Menggantungkan cita-cita menjulang setinggi langit dengan puncak tujuan
tersebut adalah bagaimana hidup bahagia.
Hidup bahagia
merupakan cita-cita tertinggi setiap orang baik yang mukmin maupun yang kafir
kepada Allah ta’ala. Apabila kebahagiaan itu terletak pada harta benda yang
bertumpuk-tumpuk, maka mereka telah mengorbankan segalanya untuk meraih hidup
bahagia, akan tetapi tidak dia dapati dan sia-sia pengorbanannya. Apabila
kebahagiaan itu terletak pada ketinggian pangkat dan jabatan, maka mereka telah
siap mengorbankan apa saja yang dituntutnya. Apabila kebahagiaan itu terletak
pada ketenaran nama, maka telah berusaha untuk meraihnya dengan apapun juga dan
mereka tidak dapati. Demikianlah gambaran cita-cita hidup kebahagiaan.
Apakah tercela
orang-orang yang menginginkan demikian?? Apakah salah bila orang yang
bercita-cita untuk bahagia dalam hidup?? Lalu apakah hakikat kehidupan bahagia
itu??. Pertanyaan-pertanyaan ini membutuhkan jawaban agar setiap orang tidak
putus asa ketika dia menjalani pengorbanan hidup tersebut.
Hakikat
Hidup Bahagia
Mendefinisikan hidup bahagia sangatlah mudah untuk diungkapkan
dengan kata-kata dan sangat mudah untuk disusun dalam bentuk kalimat.
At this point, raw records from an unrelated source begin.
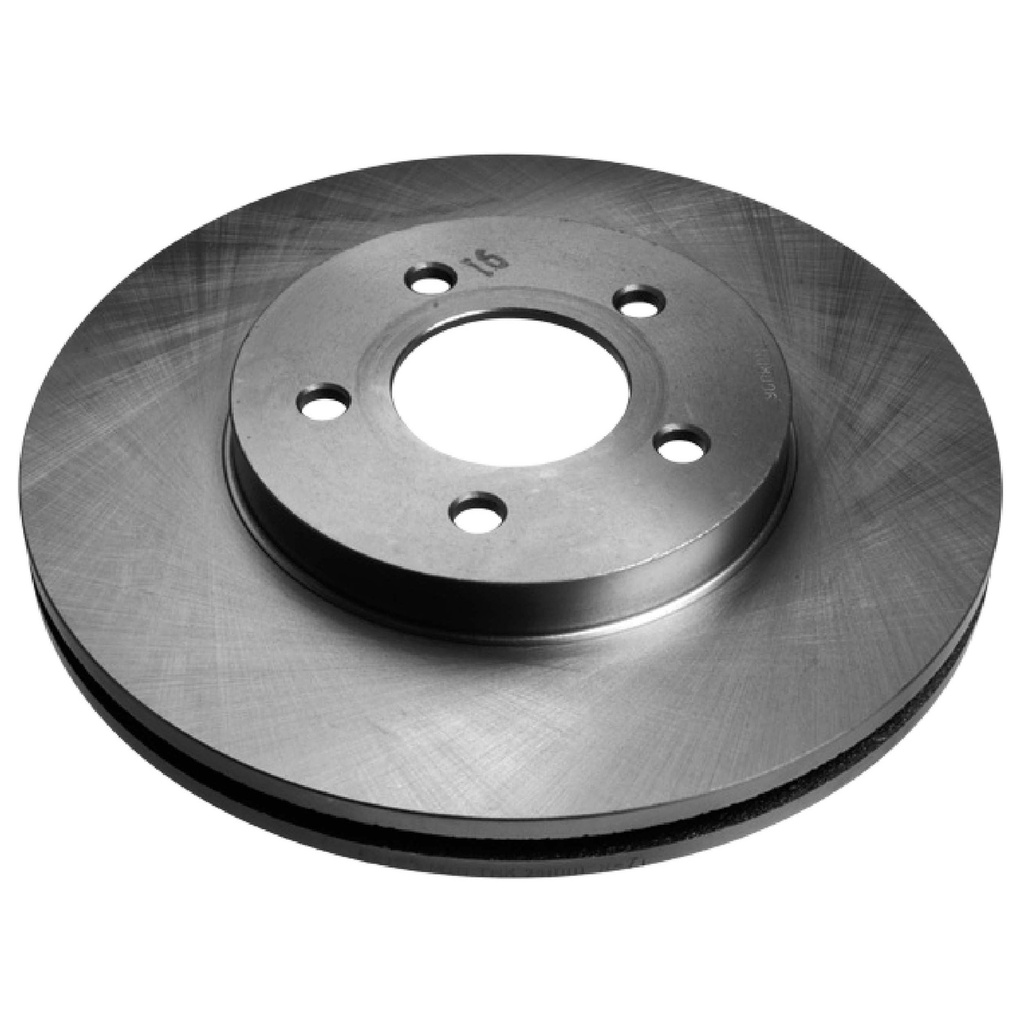 Disco/Rotor de Freno Delantero Fritec FR08096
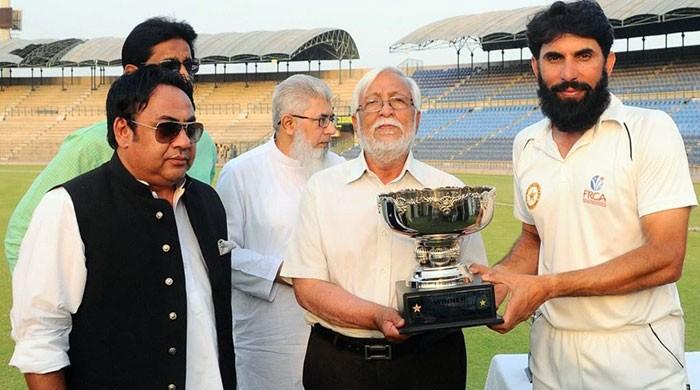 Faisalabad win Grade II final, qualifies for Quaid-e-Azam Trophy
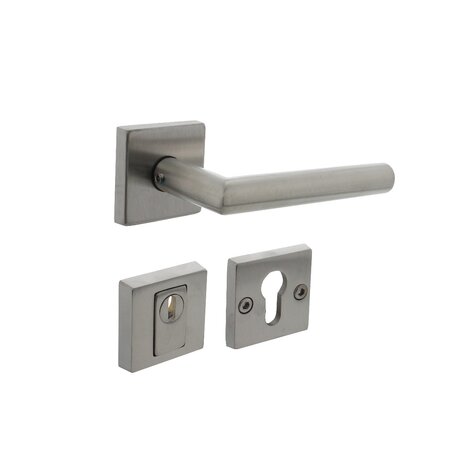 Veiligheidsroset achterdeur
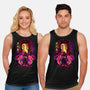 Highest Rangking Moon-Unisex-Basic-Tank-hypertwenty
Dalam
kenyataannya telah banyak oran yang tampil untuk mendefinisikannya sesuai
dengan isi pandang masing-masing. Ahli ekonomi mendefinisikannya sesuai dengan
bidang dan tujuan ilmu perekonomian. Ahli kesenian mendefinisikan sesuai dengan
ilmu kesenian. Mari kita lihat bimbingan Allah ta’ala dan Rasulullah Shalallahu
‘alaihi wa sallam tentang hidup bahagia. Allah Ta’ala berfirman:
“Kamu tidak akan
menemukan satu kaum yang beriman kepada Allah dan hari akhir, saling cinta
mencinta kepada orang yang memusuhi Allah dan Rasul-Nya walaupun mereka adalah
bapak-bapak mereka, anak-anak mereka, saudara-saudara mereka dan
keluarga-keluarga mereka. Mereka adalah orang yang telah dicatat di hati-hati
mereka keimanan dan diberikan pertolongan, memasukan mereka kedalam surga yang
mengalir dibawahnya sungai-sungai dan kekal di dalamnya. Allah meridhai mereka dan mereka ridha kepada
Allah. Ketahuilah mereka adalah (hizb) pasukan Allah dan ketahuilah bahwasannya
pasukan Allah itu pasti menang”. (QS.
Al-Mujadalah;22)
Dalam ayat ini jelas
bagaimana Allah ta’ala menyebutkan orang-orang yang bahagia dan mendapatkan
kemenangan di dunia dan di akhirat. Mereka adalah orang orang yang beriman
kepada Allah ta’ala dan hari akhir serta orang-orang yang menjunjung tinggi
makna al-wala (loyal) dan al-bara’ (benci) sesuai dengan apa yang dimaukan oleh
Allah Ta’ala dan Rasulullah Shalallahu ‘alai wa sallam.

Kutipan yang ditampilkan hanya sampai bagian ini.